Ensemble hugging face models

Hello everyone,
I am a beginner and I am working on a NLP task. I am trying to ensemble two hugging face models but unable find a standard solution to the problem. For example, I load BERT as model1 and RoBERTa as model2 on the same dataset. How can I ensemble these two models for the task. I have tried the following

class FCEnsemble(torch.nn.Module):
    def __init__(self, num_labels, model1, model2):
        super(FCEnsemble, self).__init__()
        self.model1 = model1
        self.model2 = model2
        self.num_labels = num_labels
        self.fc = torch.nn.Linear(2 * num_labels, num_labels)
        self.loss_func = torch.nn.CrossEntropyLoss()

    def forward(self, input_ids, attention_mask, labels):
        outputs_model1 = self.model1(input_ids=input_ids, attention_mask=attention_mask).logits
        outputs_model2 = self.model2(input_ids=input_ids, attention_mask=attention_mask).logits
        combined_outputs = torch.cat((outputs_model1, outputs_model2), dim=-1)
        combined_logits = self.fc(combined_outputs)
        loss = self.loss_func(combined_logits.view(-1, self.num_labels), labels.view(-1))
        return loss

but it is giving the following error,

invalid index of a 0-dim tensor. Use tensor.item() in Python or tensor.item<T>() in C++ to convert a 0-dim tensor to a number

Am I trying the right approach or is there any better approach to this problem. Please help me.

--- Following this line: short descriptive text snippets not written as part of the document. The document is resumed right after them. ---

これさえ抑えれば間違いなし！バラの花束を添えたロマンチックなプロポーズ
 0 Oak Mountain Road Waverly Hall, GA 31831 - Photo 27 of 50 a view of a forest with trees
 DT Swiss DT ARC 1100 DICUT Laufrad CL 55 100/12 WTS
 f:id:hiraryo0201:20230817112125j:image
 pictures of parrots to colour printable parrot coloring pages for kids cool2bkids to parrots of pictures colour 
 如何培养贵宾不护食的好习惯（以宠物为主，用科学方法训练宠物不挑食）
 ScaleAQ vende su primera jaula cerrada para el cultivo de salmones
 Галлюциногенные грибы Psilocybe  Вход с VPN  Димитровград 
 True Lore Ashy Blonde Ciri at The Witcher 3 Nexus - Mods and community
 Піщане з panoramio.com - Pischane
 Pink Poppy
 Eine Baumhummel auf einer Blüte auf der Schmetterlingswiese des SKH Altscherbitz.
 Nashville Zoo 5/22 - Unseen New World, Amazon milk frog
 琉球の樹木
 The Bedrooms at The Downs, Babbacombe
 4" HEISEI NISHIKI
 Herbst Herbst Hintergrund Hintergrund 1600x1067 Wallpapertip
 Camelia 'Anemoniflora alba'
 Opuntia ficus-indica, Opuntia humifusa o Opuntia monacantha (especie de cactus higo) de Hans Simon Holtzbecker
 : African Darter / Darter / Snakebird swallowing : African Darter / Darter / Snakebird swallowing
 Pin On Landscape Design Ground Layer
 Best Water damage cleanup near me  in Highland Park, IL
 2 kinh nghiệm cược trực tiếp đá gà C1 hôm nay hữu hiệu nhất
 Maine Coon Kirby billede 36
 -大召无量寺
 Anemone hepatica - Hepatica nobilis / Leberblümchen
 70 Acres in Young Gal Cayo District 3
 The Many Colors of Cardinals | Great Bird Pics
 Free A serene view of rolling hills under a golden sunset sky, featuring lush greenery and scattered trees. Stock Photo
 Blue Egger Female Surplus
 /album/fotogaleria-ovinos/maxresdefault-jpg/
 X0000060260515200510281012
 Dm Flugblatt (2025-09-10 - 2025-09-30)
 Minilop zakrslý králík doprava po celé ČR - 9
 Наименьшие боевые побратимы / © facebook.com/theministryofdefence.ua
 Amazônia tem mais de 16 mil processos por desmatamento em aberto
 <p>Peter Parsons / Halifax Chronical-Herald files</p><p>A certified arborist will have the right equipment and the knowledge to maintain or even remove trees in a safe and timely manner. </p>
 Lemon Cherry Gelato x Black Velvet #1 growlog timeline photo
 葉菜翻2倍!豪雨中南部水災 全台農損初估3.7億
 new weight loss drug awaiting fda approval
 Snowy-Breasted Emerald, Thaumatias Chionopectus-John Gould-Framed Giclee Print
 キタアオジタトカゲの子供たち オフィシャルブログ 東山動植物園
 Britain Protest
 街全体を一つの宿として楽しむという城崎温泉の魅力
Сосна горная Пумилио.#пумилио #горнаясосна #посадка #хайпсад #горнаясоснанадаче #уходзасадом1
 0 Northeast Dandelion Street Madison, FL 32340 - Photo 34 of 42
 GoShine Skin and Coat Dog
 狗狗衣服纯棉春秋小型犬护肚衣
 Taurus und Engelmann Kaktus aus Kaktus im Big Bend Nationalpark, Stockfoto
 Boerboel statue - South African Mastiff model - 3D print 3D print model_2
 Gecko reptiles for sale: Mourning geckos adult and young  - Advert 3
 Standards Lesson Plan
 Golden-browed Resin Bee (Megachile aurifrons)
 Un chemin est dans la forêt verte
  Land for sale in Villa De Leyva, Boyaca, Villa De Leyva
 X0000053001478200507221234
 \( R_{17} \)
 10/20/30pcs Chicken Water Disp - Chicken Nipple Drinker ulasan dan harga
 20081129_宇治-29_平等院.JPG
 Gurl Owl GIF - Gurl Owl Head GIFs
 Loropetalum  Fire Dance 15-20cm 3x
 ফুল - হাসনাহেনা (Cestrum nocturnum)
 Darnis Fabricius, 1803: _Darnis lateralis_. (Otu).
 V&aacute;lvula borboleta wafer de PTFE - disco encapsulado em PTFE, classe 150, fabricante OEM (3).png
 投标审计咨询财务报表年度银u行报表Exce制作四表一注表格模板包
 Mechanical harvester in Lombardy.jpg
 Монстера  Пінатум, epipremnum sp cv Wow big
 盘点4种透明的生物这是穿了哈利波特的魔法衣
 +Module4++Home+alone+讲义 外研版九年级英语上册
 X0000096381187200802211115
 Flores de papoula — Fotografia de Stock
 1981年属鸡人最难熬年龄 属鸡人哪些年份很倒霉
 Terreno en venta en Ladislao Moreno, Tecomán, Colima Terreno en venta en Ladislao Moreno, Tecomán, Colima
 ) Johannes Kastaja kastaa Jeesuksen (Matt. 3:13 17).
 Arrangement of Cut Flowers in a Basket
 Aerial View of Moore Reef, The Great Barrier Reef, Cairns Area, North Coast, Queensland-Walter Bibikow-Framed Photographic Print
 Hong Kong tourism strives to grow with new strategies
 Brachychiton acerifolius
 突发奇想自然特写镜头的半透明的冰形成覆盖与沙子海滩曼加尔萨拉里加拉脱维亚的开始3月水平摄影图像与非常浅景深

Would you mind posting the full stack trace including which line is causing the error?

Sorry for late reply,
In short I am trying to achieve ensemble training with trainer API. Suppose, If I have two bert models for ner task, how should I ensemble them so that I can train them together, load the ensemble model after training for predictions or fine-tune model again with new data?